▶ TASK ITEM
An exact copy of the listing below is needed, with no pictures in it.

▶ DATA BELOW
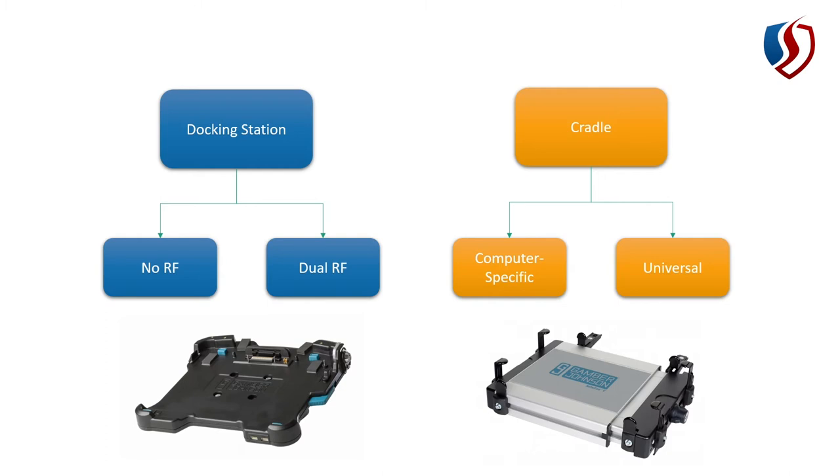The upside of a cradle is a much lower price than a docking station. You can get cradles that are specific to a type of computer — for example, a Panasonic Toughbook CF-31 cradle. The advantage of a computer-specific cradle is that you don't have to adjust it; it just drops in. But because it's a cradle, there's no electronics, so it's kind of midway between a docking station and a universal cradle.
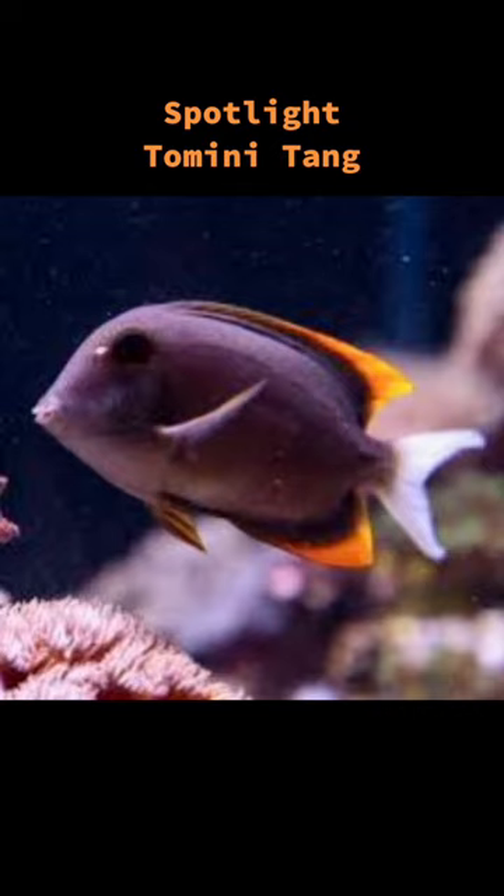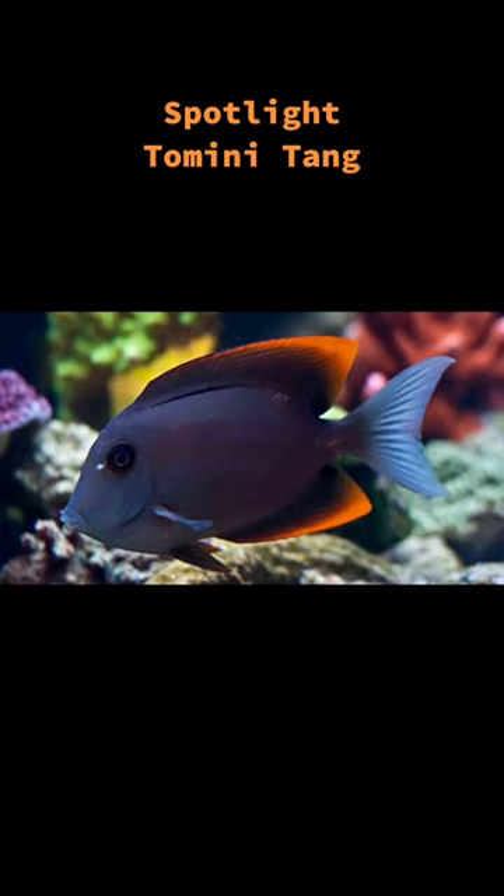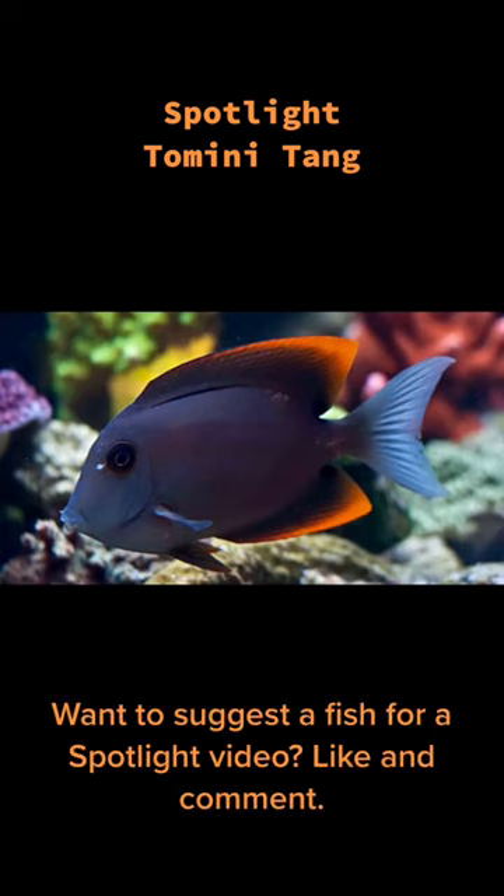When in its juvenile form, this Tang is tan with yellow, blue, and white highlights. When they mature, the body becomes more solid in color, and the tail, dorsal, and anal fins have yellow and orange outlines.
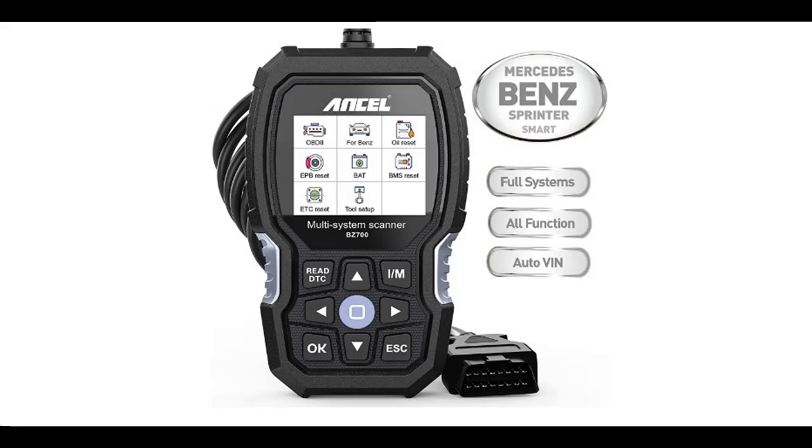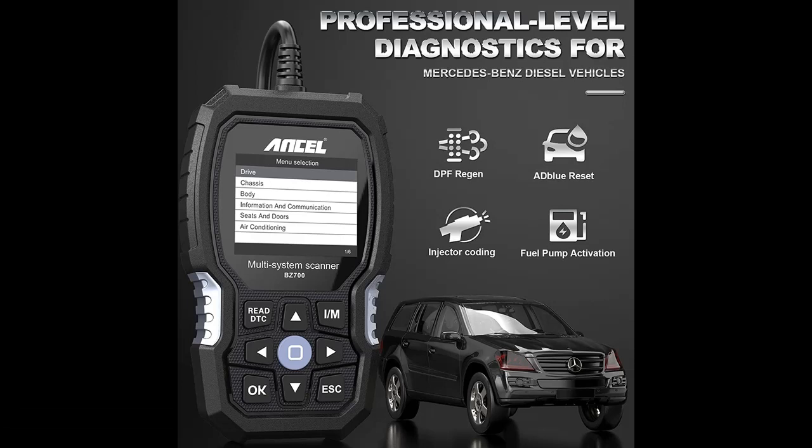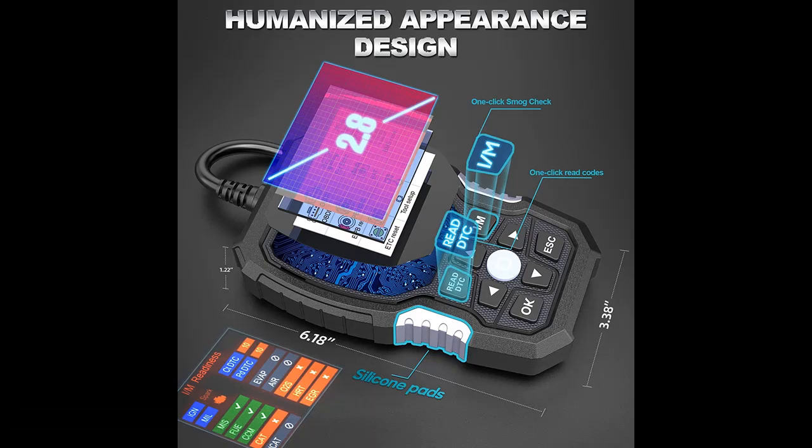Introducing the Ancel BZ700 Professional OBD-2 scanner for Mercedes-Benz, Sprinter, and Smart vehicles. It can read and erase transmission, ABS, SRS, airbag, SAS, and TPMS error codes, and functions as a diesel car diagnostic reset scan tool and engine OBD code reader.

▶ TASK OUTPUT
The upside of a cradle is a much lower price than a docking station. You can get cradles that are specific to a type of computer — for example, a Panasonic Toughbook CF-31 cradle. The advantage of a computer-specific cradle is that you don't have to adjust it; it just drops in. But because it's a cradle, there's no electronics, so it's kind of midway between a docking station and a universal cradle.
When in its juvenile form, this Tang is tan with yellow, blue, and white highlights. When they mature, the body becomes more solid in color, and the tail, dorsal, and anal fins have yellow and orange outlines.
Introducing the Ancel BZ700 Professional OBD-2 scanner for Mercedes-Benz, Sprinter, and Smart vehicles. It can read and erase transmission, ABS, SRS, airbag, SAS, and TPMS error codes, and functions as a diesel car diagnostic reset scan tool and engine OBD code reader.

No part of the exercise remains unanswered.